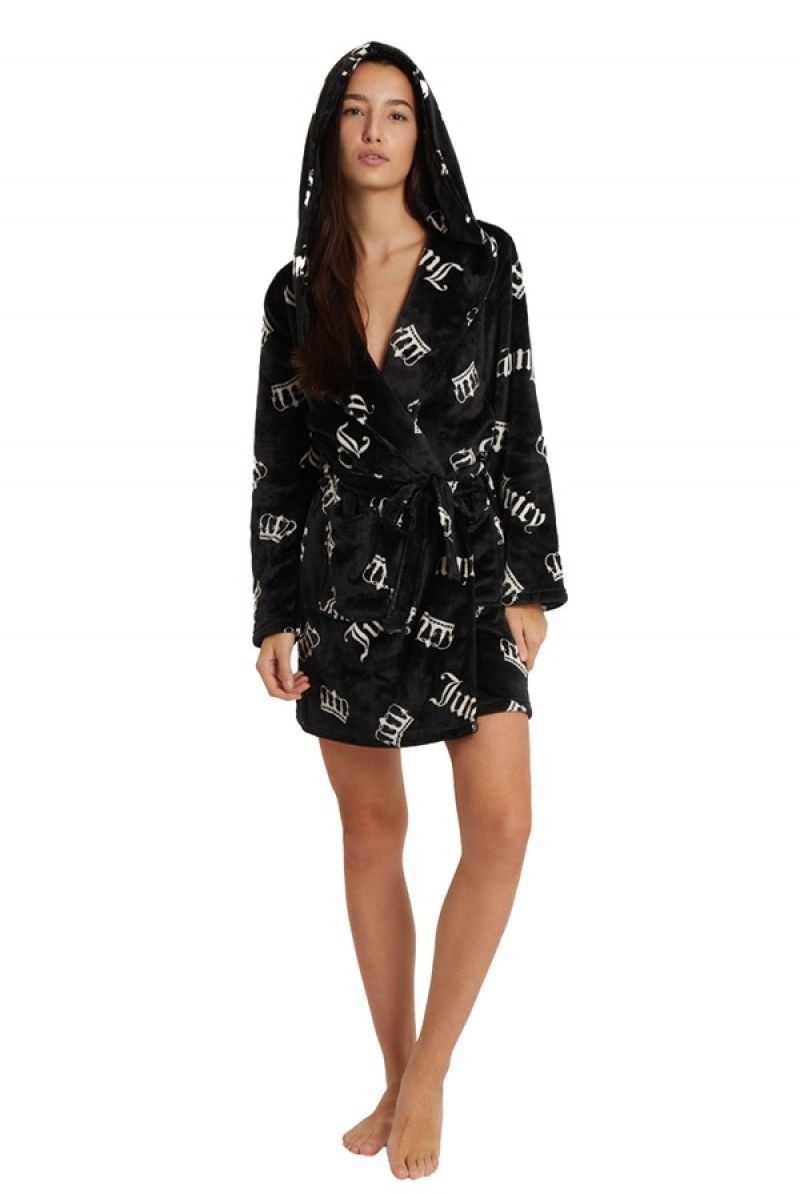 Juicy Couture Hupullinen Luxe Plush Robe Mustat | JC-SN651788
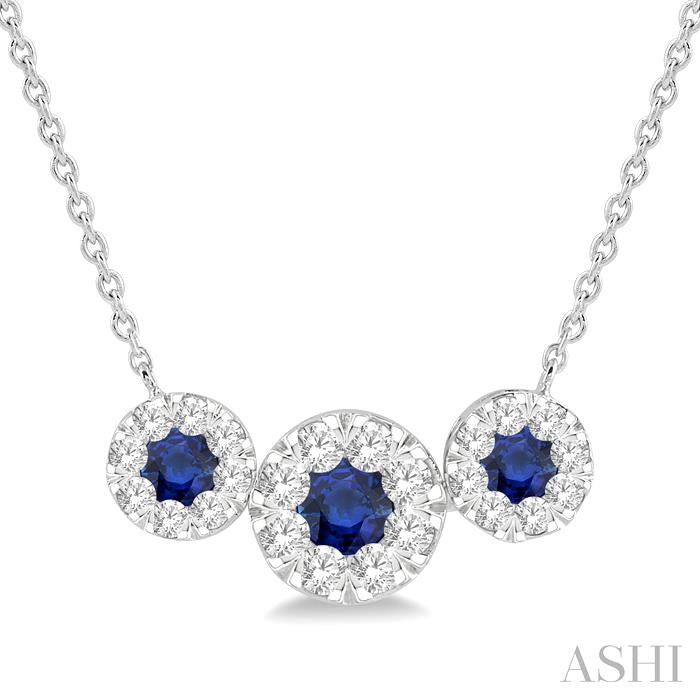 ASHI Round Shape Past Present & Future Lovebright Gemstone & Diamond Necklace 9984HPPFGNKSPWG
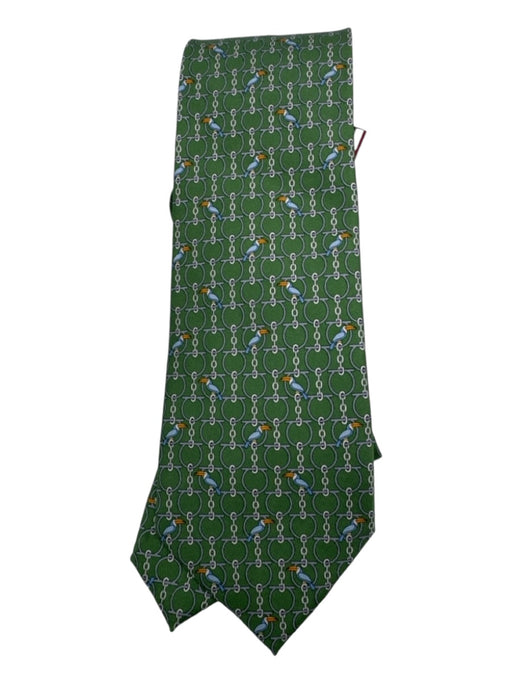 Ferragamo NWT Green Silk Birds Men's Ties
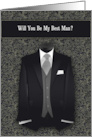 Best Man Request Tux in Black and Gray with Swirls card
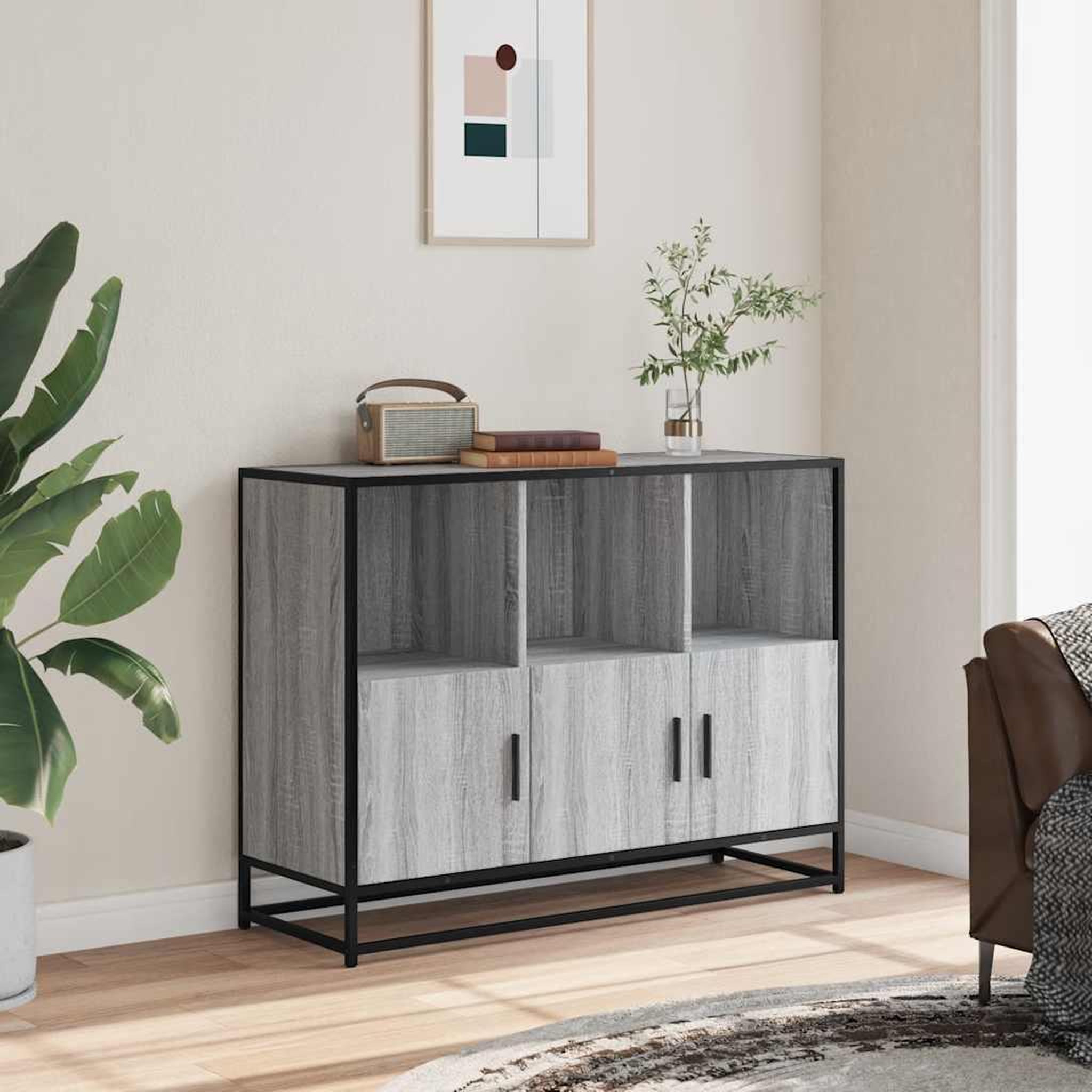 Voir la diapositive 3 : VIDAXL Buffet sonoma gris 100x35x76 cm bois d'ingenierie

|---|

# [EXERCISE PROMPT]
Please print each entry exactly as it stands, without the pictures.

# [YOUR RESPONSE]
 Juicy Couture Hupullinen Luxe Plush Robe Mustat | JC-SN651788
 ASHI Round Shape Past Present & Future Lovebright Gemstone & Diamond Necklace 9984HPPFGNKSPWG
 Ferragamo NWT Green Silk Birds Men's Ties
 Best Man Request Tux in Black and Gray with Swirls card
 Voir la diapositive 3 : VIDAXL Buffet sonoma gris 100x35x76 cm bois d'ingenierie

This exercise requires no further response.